I talenti in azienda

by Andrea Maioli on 16 novembre 2010

Qualche giorno fa, durante un pranzo con alcuni amici, si è cominciato a parlare di un problema che affligge molte aziende italiane, soprattutto quelle informatiche: la difficoltà di trovare e mantenere in azienda personale di talento.

La soluzione proposta era semplice, un po’ darwiniana: promettere altissime retribuzioni a fronte di altissime prestazioni e per chi non ci riesce un rapido licenziamento.

Questa soluzione è forse un po’ semplicistica e di difficile applicazione, ma il problema rimane. Voglio quindi cogliere l’occasione di parlarne in questo articolo, per raccontare come abbiamo deciso di affrontarlo e per confrontarmi con chi legge e vuol dire la sua.

In Pro Gamma questo problema è ancora più complicato: non solo abbiamo bisogno di persone di talento, ma disposte ad integrare il loro lavoro con quello degli altri. Da noi occorre quindi anche disponibilità e spirito di sacrificio perché è solo dall’unione dei risultati di tutti che si ottiene un prodotto organico. A volte, anche le giuste genialate personali devono essere rimandate.

E quindi abbiamo deciso un percorso all’inverso: invece che cercare persone di talento, abbiamo cercato i talenti nelle persone che già lavorano con noi. Come? Facendo in modo che per ognuno il lavoro di ogni giorno diventi un continuo cammino formativo, fatto di obiettivi stimolanti e realistici, tenendo conto delle inclinazioni personali e condividendo anche la responsabilità dei fallimenti. Insomma, scommettendo su di loro, cercando di trattarli come faremmo con i nostri figli.

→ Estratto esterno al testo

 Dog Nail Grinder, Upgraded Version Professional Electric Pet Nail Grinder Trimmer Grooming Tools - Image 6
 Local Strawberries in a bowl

Non è una strada semplice perché richiede un grande coinvolgimento personale e non sempre siamo  riusciti ad arrivare agli obiettivi previsti nei tempi a disposizione. Però in questi anni mi sono sorpreso tante volte vedendo persone, all’apparenza inadeguate, sviluppare una responsabilità ed una passione per il proprio lavoro che ha portato a tanti risultati notevoli, anche se non erano quelli previsti all’inizio.

E da voi, come succede?

{ 5 comments… read them below or add one }

1 Giovanni Poidomani 16 novembre 2010 alle 16:46

io penso che ovunque il sistema migliore sia quello di favorire l’autostima dei collaboratori, io sono contrario alle gerarchie nei team di sviluppo e alla competizione, penso che si ottengano più risultati in un ambiente collaborativo rispetto ad uno competitivo e se non ricordo male alcuni studi lo confermano. Ovviamente la retribuzione deve essere adeguata perchè con l’autostima non si paga il mutuo.

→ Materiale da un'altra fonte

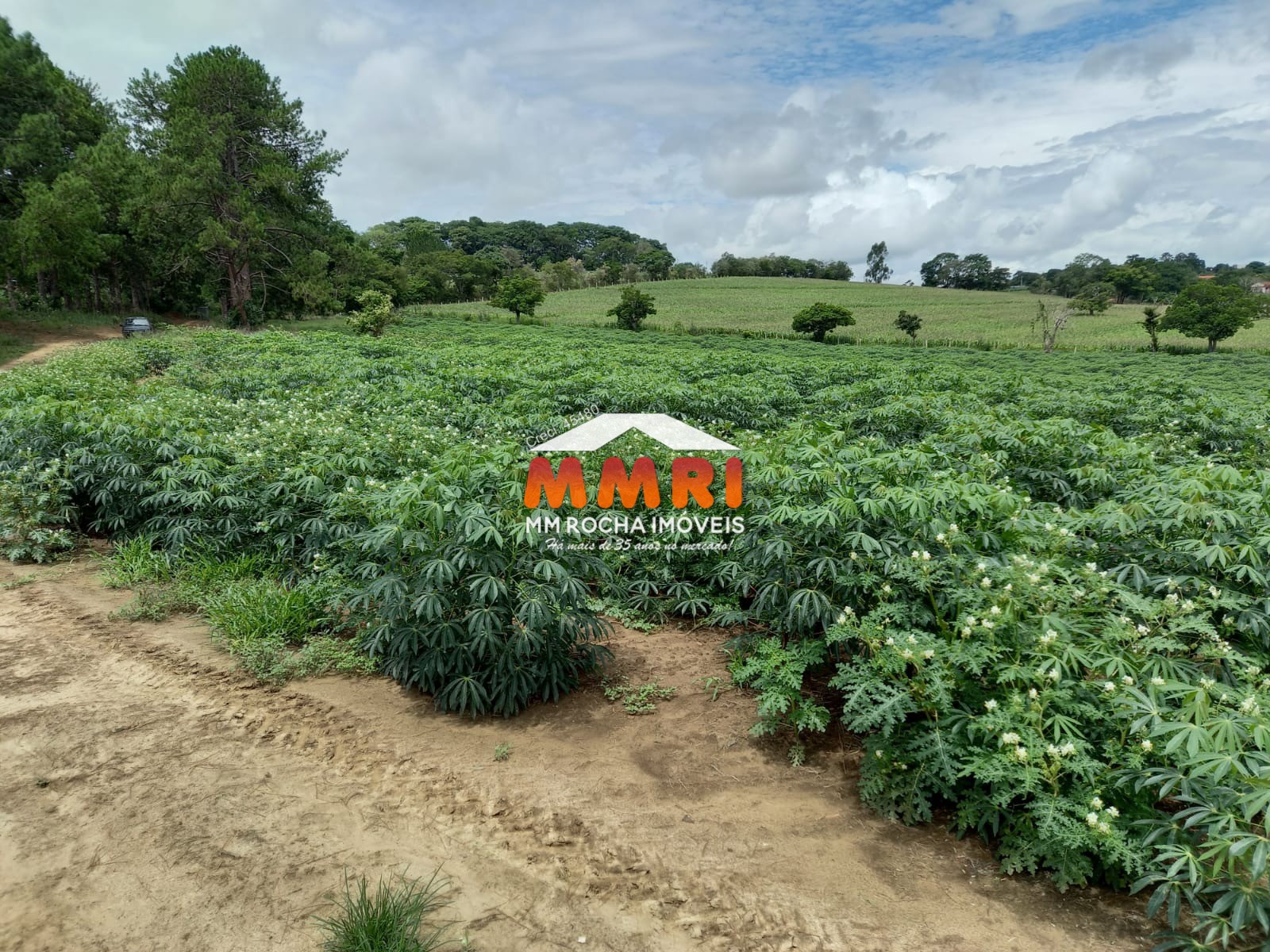 Sítio, 6 quartos, 7 m² - Foto 19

2 Danilo 18 novembre 2010 alle 20:50
3 Andrea Maioli 19 novembre 2010 alle 08:30

Ringrazio Danilo per il suo contributo. Ho trovato il video molto interessante e in tema anche con il commento di Giovanni. E’ indicato anche a chi non è in grado di seguire la conversazione in lingua americana al meglio.
Non perdetevelo, vale 10 minuti del nostro tempo.

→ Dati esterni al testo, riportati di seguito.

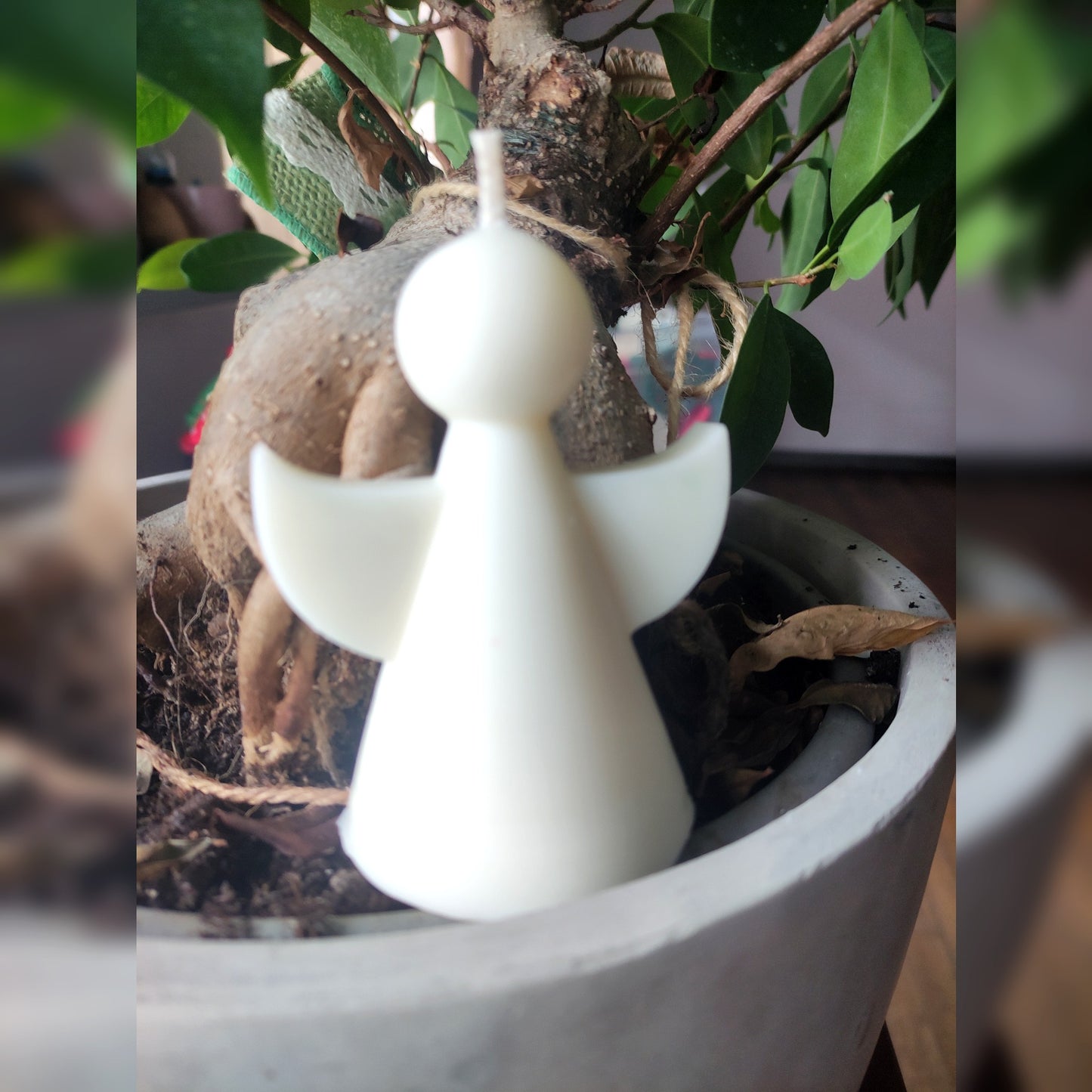 Mon Ange Gardien - Cèdre 50g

4 otello azzali 29 novembre 2010 alle 16:50

Il video è molto ben fatto ed interessantissimo. Complimenti per il contributo.
Come ogni cosa che viene dall’america rende in modo scientifico le idee che noi latini spesso sentiamo sulla nostra pelle (o con lo stomaco), anche se da noi vige più spesso la teoria dei “4 calci nel c..o” piuttosto che il coinvolgimento.
Anche la teoria dello stipendio alto ed un rapido licenziamento in caso di insuccesso non è altro che una versione sofisticata dei “4 calci”.
C’è un solo modo per avere successo con le persone in azienda: Amarle (professionalmente intendo).
Riconoscerne i meriti raggiunti sui singoli obiettivi, stimolarne la crescita, farli sentire parte di una comunità e di un obiettivo comune, correggerli dove sbagliano.
Difficilissimo perchè ci devi credere: hai ragione Andrea, come con i tuoi figli.
Unica controindicazione: non c’è marcia indietro!

5 Andrea Maioli 29 novembre 2010 alle 18:00

Otello, hai ragione: non c’è marcia indietro!